Hydraulic mining was stopped by State law back in 1884 on account of the
debris washed down the rivers, ruining farm lands in the valleys. The story of
the discovery of this great gravel gold mine is one of those strange tales out
of the past. Along in the winter of 1851-52 some Irish and German prospectors
discovered some rich gold deposits in the gravels of a little stream on this
high ridge. They took out a large quantity of gold in a short time, but soon
ran out of provisions. One of their number was dispatched to Nevada City to
obtain supplies, but was warned not to mention their lucky strike. However,
the fellow filled up with liquor which loosened his tongue, and the story was
soon told. Miners trailed him to the diggings, but the newcomers found poor
pickings in the stream. aside from the claim which the prior company was
working. Disgusted, they returned to Nevada City, giving the name of "Humbug"
to the creek.
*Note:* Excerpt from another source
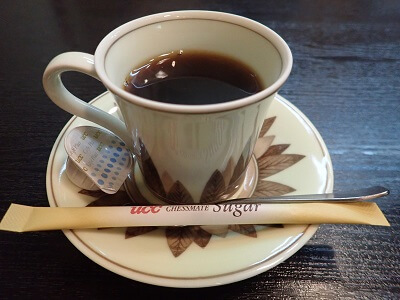 寿司処八ちゃんの食後のコーヒー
But in the years following gold was found at various places on
the gravel beds of the ancient Pliocene River and the Brobdingnagian
enterprise of washing down mountains was soon underway. I drove along the 12
miles of this vast wash and inspected the little towns - ghost towns - of the
people who once worked here. The site of Grizzly Hill and the original
location of North Columbia have vanished, but ruins mark the spot where Lake City stood. I climbed in and out of cellar pits and foundation enclosures
about which still grow old locust trees and rose bushes. In one remaining
little cabin was a bedstead and stove deep covered with dust. Across the road
(once a street) lay the great floor timbers of the Lake City Hotel, once a
place of rest and revelry. Along the broad, tree-lined main street of old North Bloomfield I saw a few remaining houses, some in a stately though
weather-beaten architecture of a past age. A few families still live here.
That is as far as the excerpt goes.